The staff is friendly and well versed in the welcoming department, but not especially detail-oriented. On neither visit were we told about nightly specials (that were written on a blackboard out of view of our table). On one occasion, the waiter did notify us of a lobster special that will run nightly for the foreseeable future: $17.99 for a one-and-a-quarter-pounder either steamed, grilled, or roasted in the brick oven (and served with asparagus and broccolini). That's a price you can't refuse, although as is true with most prices you can't refuse, you should. Although the lobster was roasted, it had all the nonflavor of one that is boiled — only much drier. The kitchen was out of both broccolini and asparagus, so we chose spinach with garlic. It came cold.
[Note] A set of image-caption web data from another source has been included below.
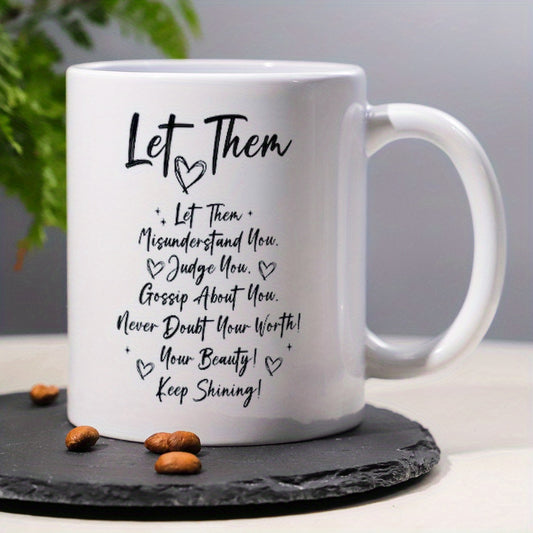 1pc 11oz Let Them Birthday Gift, Christmas Gift, Self Love Keep Shining Motivational Coffee Mug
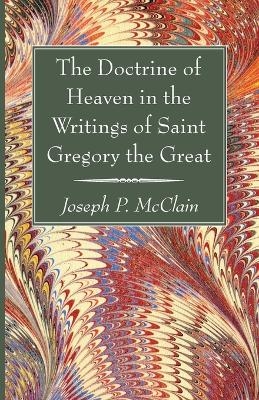 The Doctrine of Heaven in the Writings of Saint Gregory the Great - Joseph P McClain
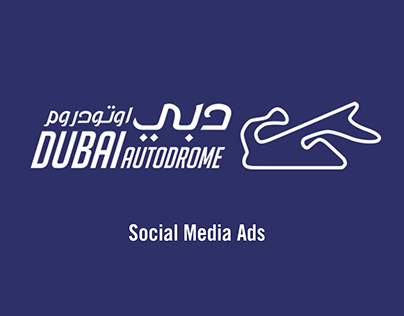Dubai Autodrome Social Media Designs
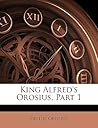 King Alfred's Orosius, Part 1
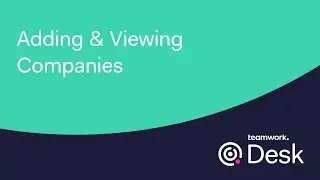 Teamwork Desk - Adding & Viewing Companies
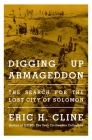 Digging Up Armageddon: The Search for the Lost City of Solomon (Isms) Cover Image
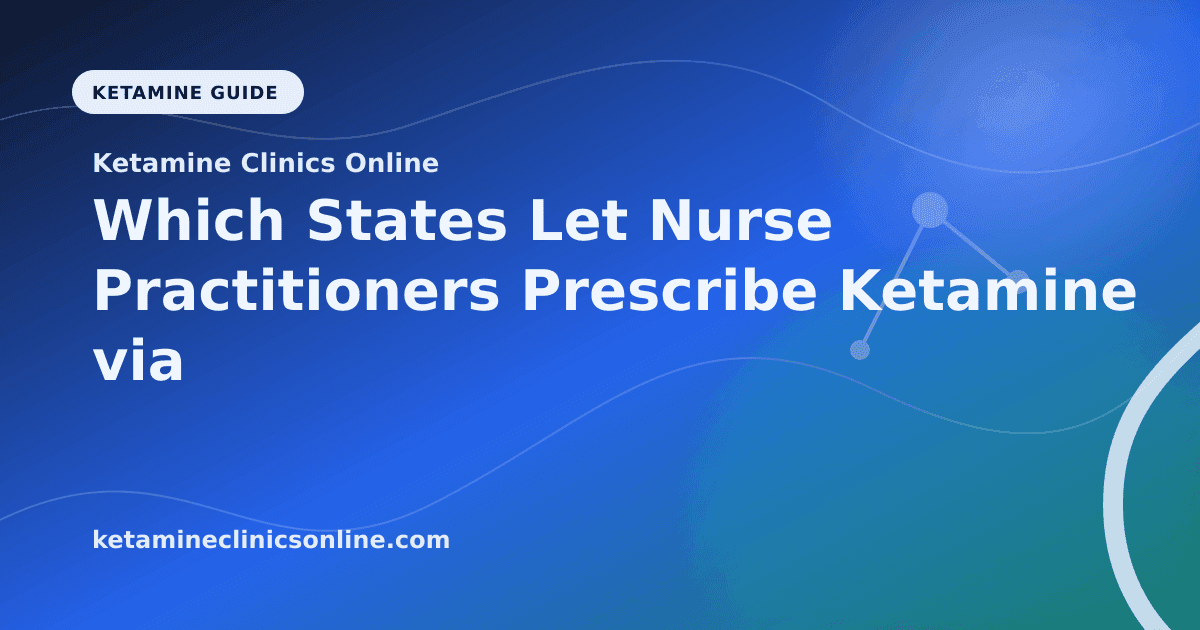 Which States Let Nurse Practitioners Prescribe Ketamine via Telemedicine? article visual for Ketamine Clinics Online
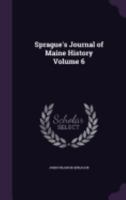 Sprague's Journal of Maine History; Volume 6 133164478X Book Cover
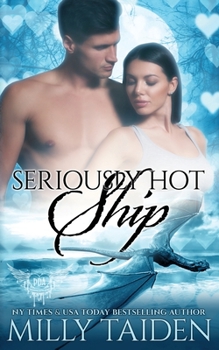 Seriously Hot Ship - Book #40 of the Paranormal Dating Agency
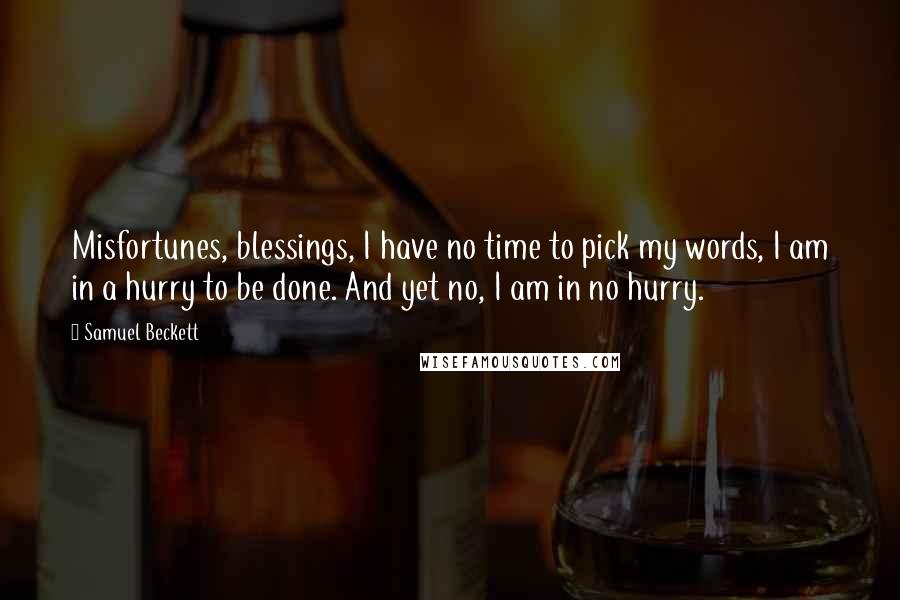 Samuel Beckett Quotes: Misfortunes, blessings, I have no time to pick my words, I am in a hurry to be done. And yet no, I am in no hurry.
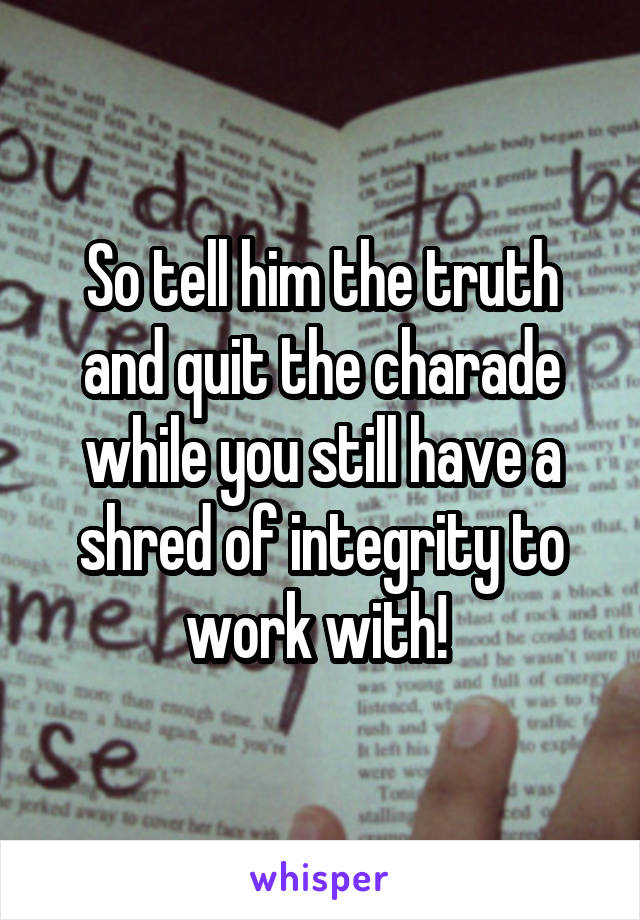 So tell him the truth and quit the charade while you still have a shred of integrity to work with!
"My Tuscan lemon chicken" brought half of a juicy bird bathed in buttery sauce tarted via white wine and the titular citrus, with some peas scattered on the plate. "My" refers to Debbie ("because I make the sauce," she claims on the menu), yet although her name appears as part of various items (such as "tilapia alla Debbie"), and she is officially the chef, Debbie did not appear to be on the premises during our visits. I'm not certain who's in charge of setting prices, but the Tuscan half-bird is $19, while a whole "marinated oven-roasted chicken" is the same $19. I'm no mathematician, but the latter would seem to be twice as good a deal.
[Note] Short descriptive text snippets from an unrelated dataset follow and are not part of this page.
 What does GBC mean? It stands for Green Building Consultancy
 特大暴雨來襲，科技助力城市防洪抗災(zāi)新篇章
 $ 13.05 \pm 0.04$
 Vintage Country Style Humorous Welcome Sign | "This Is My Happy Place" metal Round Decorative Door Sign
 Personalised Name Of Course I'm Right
There are bargains aplenty on DiBono's reasonably marked-up wine list, which ranges from inexpensive supermarket selections to pricier reserves, but mostly features midlevel choices available by bottle, glass, and half or whole carafe. Cocktail, wine, and beer specials run from noon to 7 p.m. every weekday, and a mug of Miller Lite goes for 99 cents daily (that's cheaper than bottled water, and almost as strong). This is not at all a bad place for drinks, pizza, and perhaps some sports action on the big-screens.

A decent ricotta cheesecake, neither exceptionally light nor lemony, is the only dessert prepared on-site. Better were carrot, chocolate-cherry, and tiramisu cupcakes, which at least tasted fresh. Regular tiramisu was a flat, mass-produced puck of coffee-flavored mousse. Pass the Cheez Whiz!